Patrick Obi Ngoddy is a Nigerian professor of Food Engineering and Processing at the Faculty of Agriculture University of Nigeria, Nsukka. He is the pioneer head of department of Food Science and Technology, a former dean of faculty of Agriculture and a member of the Nigeria Academy of Science

== Early life and education ==
Patrick Obi Ngoddy was born on June 24, 1940. He earned his first degree in Agricultural Engineering from California Polytechnic State University, San Luis Obispo in 1965. In 1967 and 1969, he obtained his M.Sc. and Ph.D. in Agricultural Process and Food Engineering from Michigan State University, East Lansing, Michigan respectively.

== Career ==
Ngoddy began his professional career at Michigan State University as an instructor in Agricultural Engineering in 1968. In 1968, he became an assistant professor in Food and Agricultural Engineering and  Director of the Agricultural Pollution Control Laboratory in 1969.

In 1971, he returned to Nigeria (Obafemi Awolowo University, Ile-Ife) where he rose to a professor in Food Engineering and Processing in 1978. He served as Professor of Food Engineering and Processing, University of Nigeria, Nsukka, where he held several positions such as Department of Food Science and Technology from 1979 to 1982, Dean of Faculty of Agriculture from 1981 to 1983, Deputy Vice-Chancellor from 1985 to 1986, Dean of School of Post-Graduate Student from 1985 to 1987 and Deputy Vice- Chancellor, Academic Affairs from 1995 to 1998

== Membership and fellowship ==
In 1965, he became a Fellow of the American Society of Agricultural Engineers, Fellow Institute of Food Technology (IFT, USA) in 1969, member of American Society for Heating, Refrigeration and Air-Conditioning Engineering (ASHRAE) in 1970, and a Fellow of the Nigerian Academy of Science

== Selected publications ==
- Ihekoronye, A. I., & Ngoddy, P. O. (1985).
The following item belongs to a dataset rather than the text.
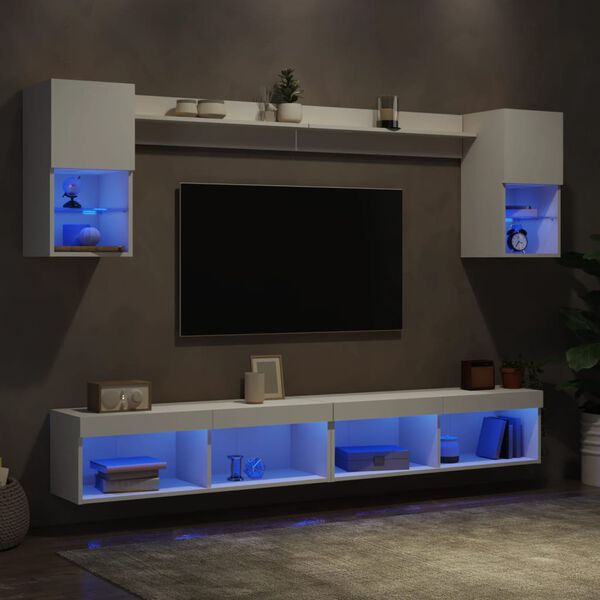 vidaXL 6 Piece TV Wall Units with LED White Engineered Wood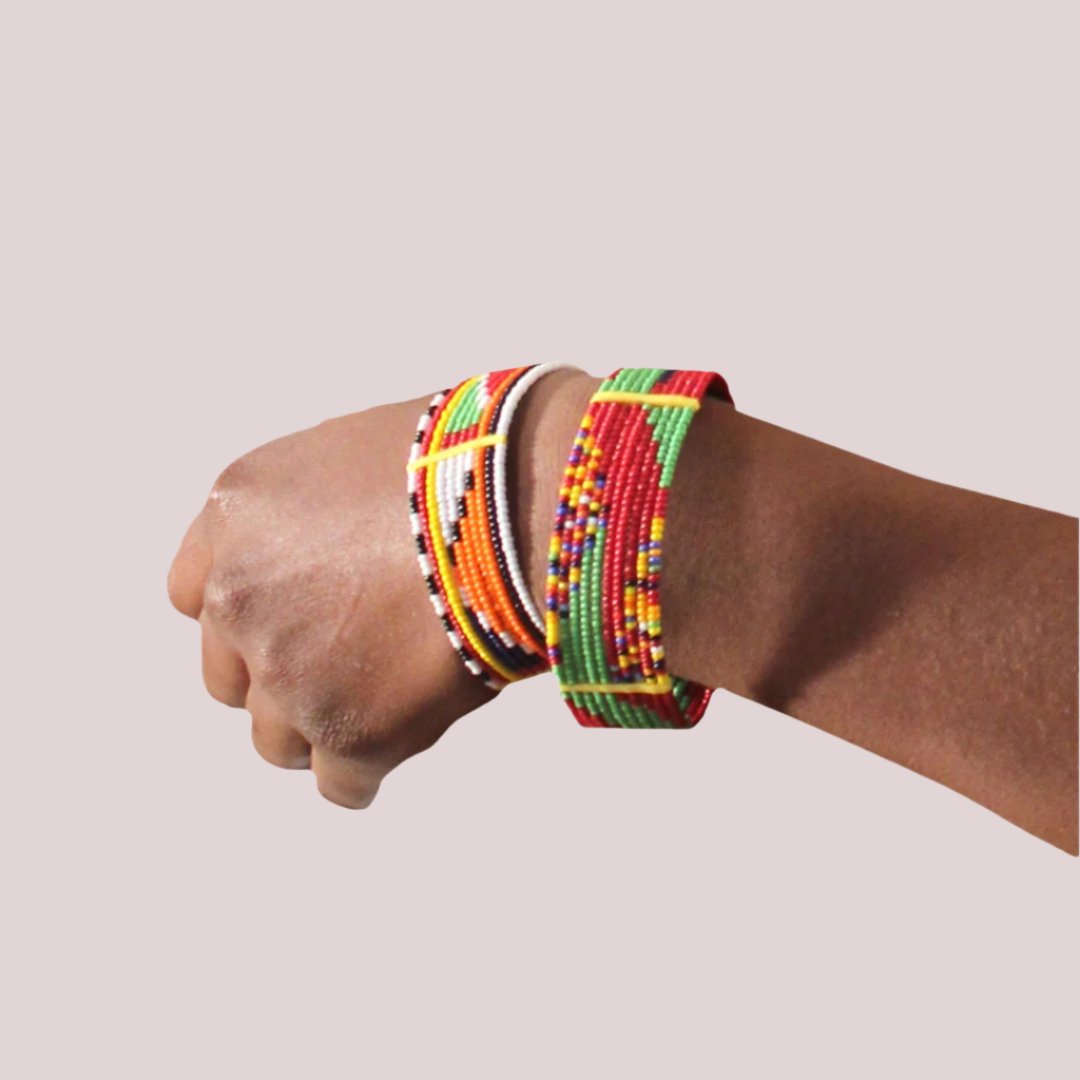 African Maasai Beaded Button Bracelets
Integrated food science and technology for the tropics.
- Uvere, P. O., Onyekwere, E. U., & Ngoddy, P. O. (2010). Production of maize–bambara groundnut complementary foods fortified pre‐fermentation with processed foods rich in calcium, iron, zinc and provitamin A.
- Uzochukwu, S. V., Balogh, E., Tucknot, O. G., Lewis, M. J., & Ngoddy, P. O. (1994). Volatile constituents of palm wine and palm sap.
- Uvere, P. O., Ngoddy, P. O., & Nnanyelugo, D. O. (2002). Effect of amylase-rich flour (ARF) treatment on the viscosity of fermented complementary foods.
- Ngoddy, P. O. (1972). Closed system waste management for livestock. US Environmental Protection Agency.
- Uvere, P. O., Ngoddy, P. O., & Nwankwo, C. S. (2014). Hardness as a modification index for malting red and white sorghum (kaffir) grains.